SüRWüRDEN - Die Frühjahrs- und Herbstbörsen des Verbandes der Züchter des Oldenburger Pferdes bieten den Züchtern eine gute Möglichkeiten, mit relativ geringem Aufwand und Kosten einen Käufer für ihr Pferd zu finden. Die Züchter sollten dabei jedoch eine realistische Preisfindung für ihr Pferd vornehmen. Auch auf die Präsentation durch gute Reiter sollte nicht verzichtet werden, riet Dr. Roland Wörner seinen rund 40 Zuhörern.
Der Geschäftsführer des Verbandes nutzte die Versammlung der Züchter-Kreisgruppe Wesermarsch in der Gaststätte „Kiek mol rin“ in Sürwürden, um die sehr positive Jahresbilanz 2007 zu erläutern.

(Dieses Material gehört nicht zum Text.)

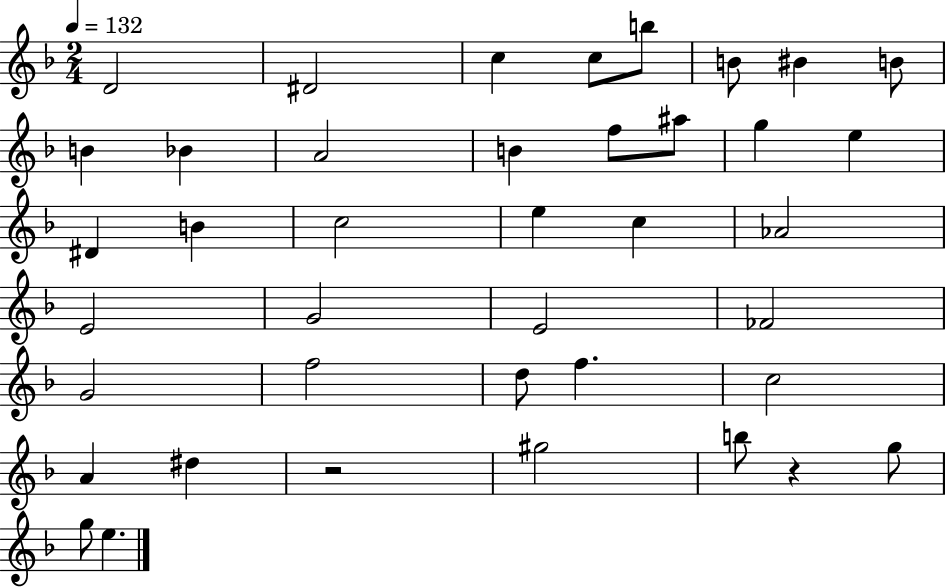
D4/h D#4/h C5/q C5/e B5/e B4/e BIS4/q B4/e B4/q Bb4/q A4/h B4/q F5/e A#5/e G5/q E5/q D#4/q B4/q C5/h E5/q C5/q Ab4/h E4/h G4/h E4/h FES4/h G4/h F5/h D5/e F5/q. C5/h A4/q D#5/q R/h G#5/h B5/e R/q G5/e G5/e E5/q.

Dank der bundesweiten Tätigkeit des Oldenburger Verbandes seit 2006 sei die Zahl der eingetragenen Zuchtstuten auf fast 8200 geklettert. Mit über 4500 erreichte auch die Zahl der registrierten Oldenburger Fohlen 2007 einen neuen Höchststand. Ebenso erfreulich sei das Bild beim Verband Oldenburg-International, dem auf Springpferde spezialisierten Tochterverband. Dort waren im vergangenen Jahr 1700 Stuten und 1400 Fohlen registriert.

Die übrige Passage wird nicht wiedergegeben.